Demonstrated experience with modern ML orchestration (e.g., Kubeflow, Airflow), data transformation (dbt), and MLOps principles.
Intimate knowledge of and ability to implement unit, integration, and functional testing strategies.
Experience providing technical leadership and guidance, and thinking strategically and analytically to solve problems.
Friendly communication skills and ability to work well in a diverse team setting.
Demonstrated experience working with many cross-functional partners.

Preferred Qualifications

Experience with vector databases (e.g., Pinecone, Elasticsearch) and building embedding generation pipelines.
Experience with MLOps platforms and tools (e.g., MLflow, Weights & Biases) for experiment tracking and model management.
Experience with advanced data extraction and correlation techniques, especially from unstructured medical data sources (e.g., PDF charts, clinical notes).
Familiarity with deep learning frameworks (e.g., TensorFlow, PyTorch).
Familiarity with data governance, data security, and compliance frameworks (e.g., HIPAA, GDPR) in a highly regulated industry.

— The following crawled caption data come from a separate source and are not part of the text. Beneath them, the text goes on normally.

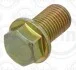 Болт зливу оливи Hyundai Accent/Tucson/Santa Fe/Kia Rio/Cerato 1.1D-2.2D 01- (M14x1.5x23) ELRING 587.360 (фото 5)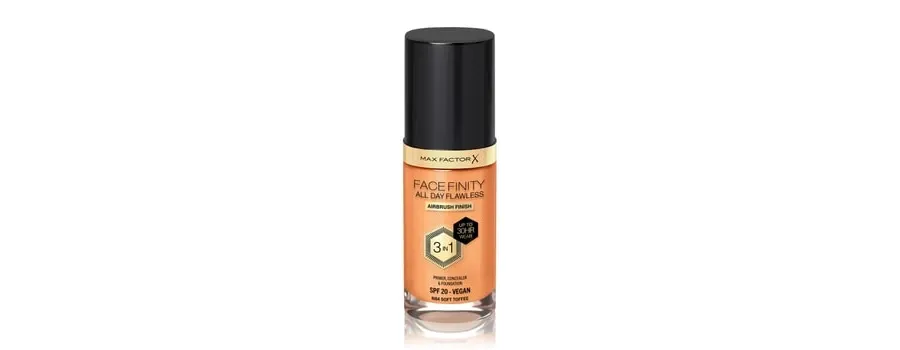 obrazek 1 Max Factor Facefinity All Day Flawless Podkład w płynie 30 ml Nr. 84. Soft toffee
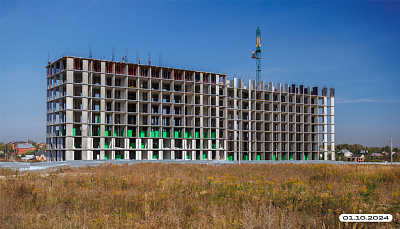Жукова парк
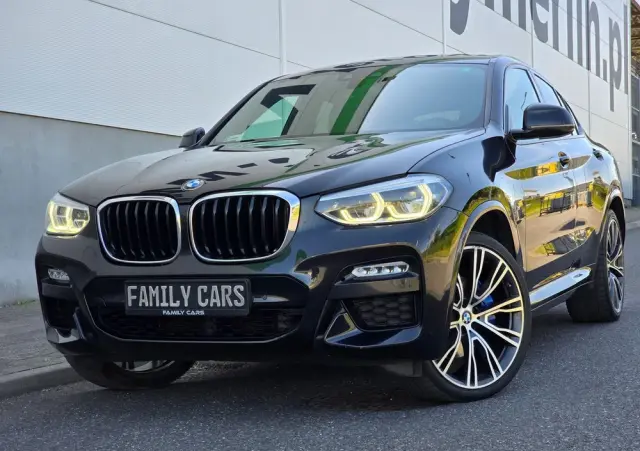 BMW X4 XDrive30i M Sport sport
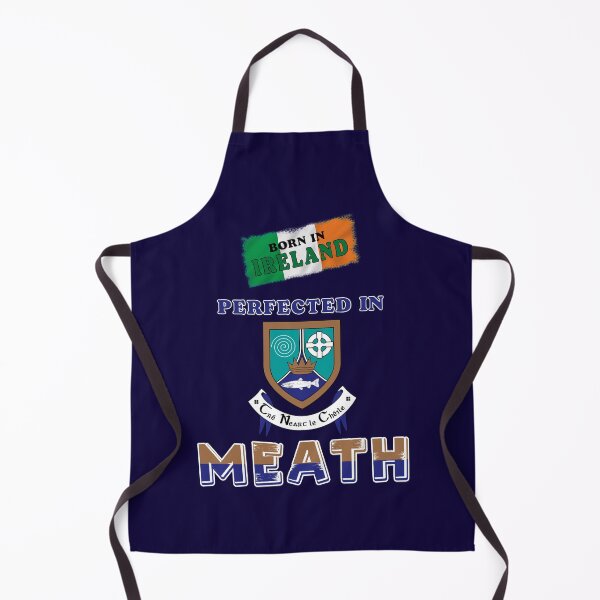 Item preview, PERFECTED IN MEATH designed and sold by CathalDevlin.
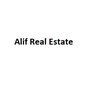 Alif Real Estate Logo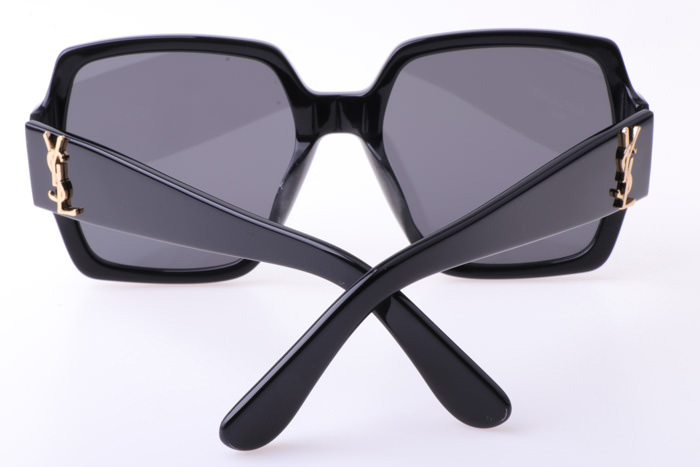 SLM2 Sunglasses In Black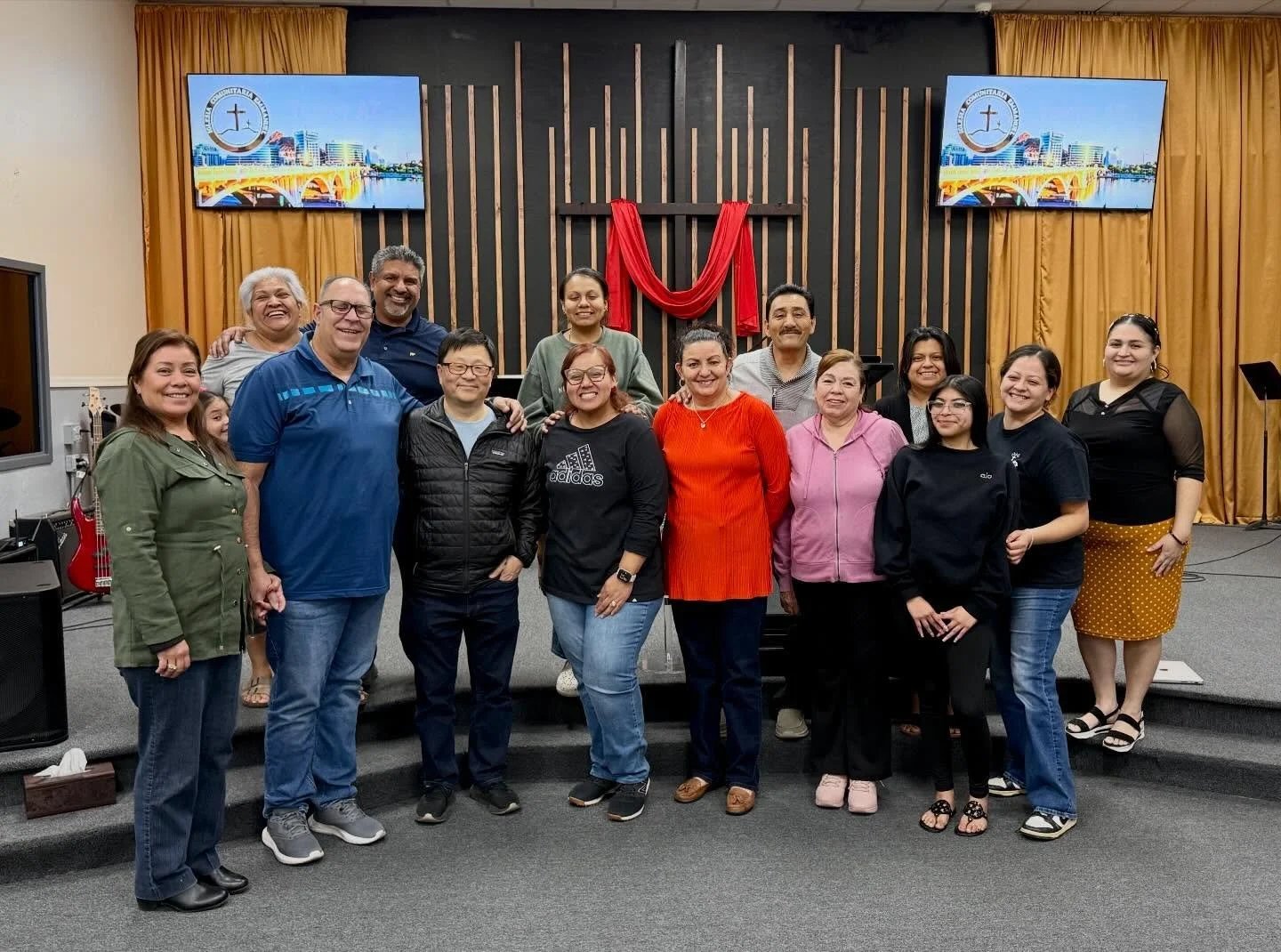 During the month of February, we finished The Faithful City&rsquo;s initial training series of Christ-centered Trauma Informed Care and Creating Communities of Belonging at Iglesia Comunitaria Emmanuel. Big thanks to Ilda Villalobos for her translati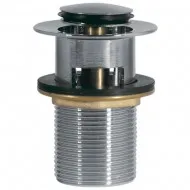Sifona izplūde TRES 1 1/4 Click-Clack 37mm, hroms, 13454190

This role can be remote or onsite, based in our New York City or Boca Raton offices, in a fast-paced, collaborative environment where great ideas move quickly from whiteboard to production.

Job Benefits

We offer a comprehensive and competitive benefits package designed to support your well-being and professional growth:

Highly Competitive Salary & Equity Package: Designed to rival top FAANG compensation, including meaningful equity.
Generous Paid Time Off (PTO): To ensure a healthy work-life balance.
Comprehensive Health, Vision, and Dental Insurance: Robust coverage for you and your family.
Life and Disability Insurance: Providing financial security.
Simple IRA Matching: To support your long-term financial goals.
Professional Development Budget: Support for conferences, courses, and certifications to fuel your continuous learning.
Wellness Programs: Initiatives to support your physical and mental health.

Pay Transparency

The annual base salary range for this position is $180,000-$240,000. Actual compensation offered to the successful candidate may vary from the posted hiring range based on work experience, skill level, and other factors.